Third, frontend replication and visible interplay. GLM-4.6V is tuned for design to code workflows. From a UI screenshot, it reconstructs pixel correct HTML, CSS and JavaScript. Developers can then mark a area on the screenshot and problem pure language directions, for instance transfer this button left or change this card background. The mannequin maps these directions again to the code and returns an up to date snippet.

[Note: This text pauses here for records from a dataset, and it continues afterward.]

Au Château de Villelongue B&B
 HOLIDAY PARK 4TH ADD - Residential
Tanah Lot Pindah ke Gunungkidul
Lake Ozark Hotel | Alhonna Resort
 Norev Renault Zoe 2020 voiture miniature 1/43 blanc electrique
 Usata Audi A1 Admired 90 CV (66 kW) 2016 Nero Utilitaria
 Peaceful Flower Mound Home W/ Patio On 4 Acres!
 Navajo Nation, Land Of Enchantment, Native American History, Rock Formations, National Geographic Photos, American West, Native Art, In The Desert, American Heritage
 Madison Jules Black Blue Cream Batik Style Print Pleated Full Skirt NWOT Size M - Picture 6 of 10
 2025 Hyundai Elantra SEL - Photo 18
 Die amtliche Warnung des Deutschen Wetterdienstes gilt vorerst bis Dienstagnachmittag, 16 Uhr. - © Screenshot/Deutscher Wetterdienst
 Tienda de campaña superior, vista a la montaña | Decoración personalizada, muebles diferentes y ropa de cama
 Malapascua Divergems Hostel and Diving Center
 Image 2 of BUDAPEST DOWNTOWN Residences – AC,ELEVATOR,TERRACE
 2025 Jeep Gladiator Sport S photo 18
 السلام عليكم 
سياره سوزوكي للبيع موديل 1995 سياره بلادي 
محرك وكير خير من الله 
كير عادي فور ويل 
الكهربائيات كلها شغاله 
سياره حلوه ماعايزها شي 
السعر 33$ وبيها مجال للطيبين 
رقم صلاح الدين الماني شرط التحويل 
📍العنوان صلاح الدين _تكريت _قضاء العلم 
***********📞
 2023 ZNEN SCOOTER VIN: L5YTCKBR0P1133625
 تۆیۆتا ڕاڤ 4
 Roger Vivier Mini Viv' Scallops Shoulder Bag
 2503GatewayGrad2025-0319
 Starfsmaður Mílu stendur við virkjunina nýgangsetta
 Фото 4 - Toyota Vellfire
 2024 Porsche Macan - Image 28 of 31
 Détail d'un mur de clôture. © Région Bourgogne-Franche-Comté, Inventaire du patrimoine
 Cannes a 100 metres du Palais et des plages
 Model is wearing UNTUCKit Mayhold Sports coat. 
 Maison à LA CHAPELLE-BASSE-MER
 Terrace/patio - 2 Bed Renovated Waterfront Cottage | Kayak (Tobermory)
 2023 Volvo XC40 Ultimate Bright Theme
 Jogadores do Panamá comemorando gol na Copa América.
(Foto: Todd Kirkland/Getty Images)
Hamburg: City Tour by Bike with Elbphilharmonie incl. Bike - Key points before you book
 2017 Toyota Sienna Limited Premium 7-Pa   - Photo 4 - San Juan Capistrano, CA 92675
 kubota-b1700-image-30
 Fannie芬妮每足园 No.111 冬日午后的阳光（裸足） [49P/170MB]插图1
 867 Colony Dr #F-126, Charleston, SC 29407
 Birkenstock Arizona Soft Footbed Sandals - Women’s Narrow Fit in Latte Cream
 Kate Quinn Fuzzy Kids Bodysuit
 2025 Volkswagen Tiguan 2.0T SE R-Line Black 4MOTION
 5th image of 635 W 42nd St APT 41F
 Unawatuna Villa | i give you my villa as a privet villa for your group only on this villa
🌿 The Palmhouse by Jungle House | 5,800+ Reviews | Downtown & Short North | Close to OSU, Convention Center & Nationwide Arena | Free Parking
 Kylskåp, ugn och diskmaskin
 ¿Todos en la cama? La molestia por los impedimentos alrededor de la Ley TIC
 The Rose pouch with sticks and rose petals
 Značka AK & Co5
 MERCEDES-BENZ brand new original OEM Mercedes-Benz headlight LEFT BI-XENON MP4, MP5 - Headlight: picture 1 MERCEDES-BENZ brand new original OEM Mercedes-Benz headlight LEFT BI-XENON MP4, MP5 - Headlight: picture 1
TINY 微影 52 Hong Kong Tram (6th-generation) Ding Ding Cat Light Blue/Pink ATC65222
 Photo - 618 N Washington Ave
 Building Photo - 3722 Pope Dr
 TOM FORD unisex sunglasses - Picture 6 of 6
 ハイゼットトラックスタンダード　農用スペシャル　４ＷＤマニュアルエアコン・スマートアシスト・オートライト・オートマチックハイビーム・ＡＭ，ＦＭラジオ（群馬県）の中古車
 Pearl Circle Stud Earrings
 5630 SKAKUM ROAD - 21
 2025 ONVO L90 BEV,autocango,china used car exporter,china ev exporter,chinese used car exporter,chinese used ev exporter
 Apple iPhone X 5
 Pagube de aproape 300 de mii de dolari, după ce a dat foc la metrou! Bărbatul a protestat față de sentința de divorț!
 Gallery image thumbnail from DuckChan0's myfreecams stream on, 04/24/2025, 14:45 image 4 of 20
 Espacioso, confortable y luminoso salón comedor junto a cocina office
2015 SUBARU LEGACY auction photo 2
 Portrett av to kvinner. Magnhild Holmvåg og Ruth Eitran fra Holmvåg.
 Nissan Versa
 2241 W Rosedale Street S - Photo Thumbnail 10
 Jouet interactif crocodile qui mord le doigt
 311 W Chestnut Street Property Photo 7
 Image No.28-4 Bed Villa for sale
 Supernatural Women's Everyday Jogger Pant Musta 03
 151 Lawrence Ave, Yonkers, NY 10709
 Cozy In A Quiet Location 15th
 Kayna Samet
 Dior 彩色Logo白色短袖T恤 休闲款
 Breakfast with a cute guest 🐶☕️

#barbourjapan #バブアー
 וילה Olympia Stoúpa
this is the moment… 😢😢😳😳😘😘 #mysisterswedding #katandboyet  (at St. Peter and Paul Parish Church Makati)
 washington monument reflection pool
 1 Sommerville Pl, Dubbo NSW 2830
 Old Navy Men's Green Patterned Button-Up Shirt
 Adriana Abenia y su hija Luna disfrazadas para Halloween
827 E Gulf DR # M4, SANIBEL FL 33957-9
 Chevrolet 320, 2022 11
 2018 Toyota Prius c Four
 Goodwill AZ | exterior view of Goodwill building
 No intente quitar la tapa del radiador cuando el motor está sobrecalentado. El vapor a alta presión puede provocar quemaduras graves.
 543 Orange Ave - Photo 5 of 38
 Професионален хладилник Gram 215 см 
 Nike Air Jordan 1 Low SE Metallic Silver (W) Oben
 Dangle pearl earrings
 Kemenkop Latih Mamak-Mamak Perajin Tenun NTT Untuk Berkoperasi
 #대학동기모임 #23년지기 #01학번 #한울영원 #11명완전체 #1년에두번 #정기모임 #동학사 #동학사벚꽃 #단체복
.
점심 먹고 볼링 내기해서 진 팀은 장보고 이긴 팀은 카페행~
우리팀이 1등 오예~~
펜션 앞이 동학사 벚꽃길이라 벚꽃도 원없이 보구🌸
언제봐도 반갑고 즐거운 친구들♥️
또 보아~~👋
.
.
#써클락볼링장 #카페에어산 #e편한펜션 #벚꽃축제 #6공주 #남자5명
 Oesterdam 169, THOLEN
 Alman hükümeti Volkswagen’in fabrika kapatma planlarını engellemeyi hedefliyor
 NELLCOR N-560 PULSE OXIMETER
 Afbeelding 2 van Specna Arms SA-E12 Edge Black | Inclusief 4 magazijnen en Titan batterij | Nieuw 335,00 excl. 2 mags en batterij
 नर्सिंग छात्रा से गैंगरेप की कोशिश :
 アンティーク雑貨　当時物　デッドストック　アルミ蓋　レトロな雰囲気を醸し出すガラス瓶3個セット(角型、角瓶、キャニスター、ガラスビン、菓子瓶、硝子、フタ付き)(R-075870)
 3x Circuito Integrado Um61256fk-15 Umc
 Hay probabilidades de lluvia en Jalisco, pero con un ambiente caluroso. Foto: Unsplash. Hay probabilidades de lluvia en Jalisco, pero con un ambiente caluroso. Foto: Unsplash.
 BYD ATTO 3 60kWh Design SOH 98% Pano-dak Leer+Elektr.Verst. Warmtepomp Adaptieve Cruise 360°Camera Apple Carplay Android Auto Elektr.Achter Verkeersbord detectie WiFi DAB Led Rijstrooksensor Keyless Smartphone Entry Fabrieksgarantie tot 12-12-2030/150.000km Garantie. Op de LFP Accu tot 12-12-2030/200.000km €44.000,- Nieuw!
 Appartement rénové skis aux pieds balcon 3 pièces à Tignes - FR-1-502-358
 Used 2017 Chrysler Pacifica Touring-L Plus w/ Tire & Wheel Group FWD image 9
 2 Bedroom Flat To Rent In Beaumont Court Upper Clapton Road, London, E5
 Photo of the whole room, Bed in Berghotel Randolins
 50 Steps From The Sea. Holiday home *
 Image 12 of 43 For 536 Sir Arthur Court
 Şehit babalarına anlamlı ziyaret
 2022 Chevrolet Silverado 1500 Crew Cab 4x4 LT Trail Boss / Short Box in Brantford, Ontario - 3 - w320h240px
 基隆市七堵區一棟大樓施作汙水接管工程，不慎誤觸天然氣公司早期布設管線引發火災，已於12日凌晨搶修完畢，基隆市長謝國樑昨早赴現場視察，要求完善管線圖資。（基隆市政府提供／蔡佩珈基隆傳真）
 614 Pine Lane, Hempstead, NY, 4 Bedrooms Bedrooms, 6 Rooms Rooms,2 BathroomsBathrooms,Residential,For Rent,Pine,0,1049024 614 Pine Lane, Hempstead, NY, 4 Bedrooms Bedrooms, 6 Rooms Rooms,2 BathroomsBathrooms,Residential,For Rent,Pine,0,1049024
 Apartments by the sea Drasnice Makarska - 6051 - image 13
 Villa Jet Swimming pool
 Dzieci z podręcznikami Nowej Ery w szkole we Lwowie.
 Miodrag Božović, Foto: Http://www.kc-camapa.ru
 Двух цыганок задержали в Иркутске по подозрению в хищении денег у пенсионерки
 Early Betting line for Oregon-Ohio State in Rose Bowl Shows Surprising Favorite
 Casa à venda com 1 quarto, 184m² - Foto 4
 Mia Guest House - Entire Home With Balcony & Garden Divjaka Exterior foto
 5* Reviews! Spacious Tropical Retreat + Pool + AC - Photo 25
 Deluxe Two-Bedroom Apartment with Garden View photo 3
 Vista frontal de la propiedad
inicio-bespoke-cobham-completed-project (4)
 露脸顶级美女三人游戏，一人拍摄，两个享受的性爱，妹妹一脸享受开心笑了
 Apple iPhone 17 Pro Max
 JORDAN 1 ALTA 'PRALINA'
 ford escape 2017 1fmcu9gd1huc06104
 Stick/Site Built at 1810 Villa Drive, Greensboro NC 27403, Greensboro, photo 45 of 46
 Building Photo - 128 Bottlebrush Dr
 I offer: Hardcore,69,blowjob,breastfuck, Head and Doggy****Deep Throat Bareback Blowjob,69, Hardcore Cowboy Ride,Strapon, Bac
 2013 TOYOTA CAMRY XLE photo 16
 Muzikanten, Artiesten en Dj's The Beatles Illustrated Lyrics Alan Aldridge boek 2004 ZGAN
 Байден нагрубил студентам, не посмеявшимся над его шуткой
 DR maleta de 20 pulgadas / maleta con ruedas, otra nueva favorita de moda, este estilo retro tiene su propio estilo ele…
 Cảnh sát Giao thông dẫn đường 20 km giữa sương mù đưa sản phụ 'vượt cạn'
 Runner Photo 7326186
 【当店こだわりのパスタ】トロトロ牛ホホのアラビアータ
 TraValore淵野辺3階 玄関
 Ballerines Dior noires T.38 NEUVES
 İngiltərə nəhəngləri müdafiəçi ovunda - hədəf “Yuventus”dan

Fourth, multimodal doc understanding at lengthy context. GLM-4.6V can learn multi doc inputs as much as the 128K token context restrict by treating pages as photographs. The analysis workforce studies a case the place the mannequin processes monetary studies from 4 public corporations, extracts core metrics and builds a comparability desk, and a case the place it summarises a full soccer match whereas protecting the power to reply questions on particular targets and timestamps.
Architecture, knowledge and reinforcement studying
The GLM-4.6V fashions belong to the GLM-V household and based mostly on the tech report for GLM-4.5V and GLM-4.1V-Thinking. The analysis workforce highlights three major technical components.
First, lengthy sequence modeling. GLM-4.6V extends the coaching context window to 128K tokens and runs continuous pre coaching on large lengthy context picture textual content corpora. It makes use of compression alignment concepts from Glyph in order that visible tokens can carry dense data that’s aligned with language tokens.
Second, world data enhancement. Zhipu AI workforce provides a billion scale multimodal notion and world data dataset at pre coaching time. This covers layered encyclopedic ideas and on a regular basis visible entities. The acknowledged purpose is to enhance each primary notion and cross modal query answering completeness, not solely benchmarks.
Third, agentic knowledge synthesis and prolonged MCP. The analysis workforce generates massive artificial traces the place the mannequin calls instruments, processes visible outputs and iterates on plans. They lengthen MCP with URL based mostly multimodal dealing with and an interleaved output mechanism. The technology stack follows a Draft, Image Selection, Final Polish sequence. The mannequin can autonomously name cropping or search instruments between these levels to position photographs on the proper positions within the output.
Tool invocation is a part of the reinforcement studying goal. GLM-4.6V makes use of RL to align planning, instruction following and format adherence in advanced instrument chains.
Performance

Key Takeaways
- GLM-4.6V is a 106B multimodal basis mannequin with a 128K token coaching context, and GLM-4.6V-Flash is a 9B variant optimized for native and low latency use.
- Both fashions assist native multimodal Function Calling so instruments can devour and return photographs, video frames and doc pages instantly, which hyperlinks visible notion to executable actions for brokers.
- GLM-4.6V is skilled for lengthy context multimodal understanding and interleaved technology, so it could possibly learn massive combined doc units and emit structured textual content with inline figures and power chosen photographs in a single cross.
- The sequence achieves state-of-the-art efficiency on main multimodal benchmarks at comparable parameter scales and is launched as open supply weights underneath the MIT license on Hugging Face and ModelScope.
Check out the Model Card on HF and Technical details. Feel free to take a look at our GitHub Page for Tutorials, Codes and Notebooks. Also, be at liberty to comply with us on Twitter and don’t overlook to hitch our 100k+ ML SubReddit and Subscribe to our Newsletter. Wait! are you on telegram? now you can join us on telegram as well.
The submit Zhipu AI Releases GLM-4.6V: A 128K Context Vision Language Model with Native Tool Calling appeared first on MarkTechPost.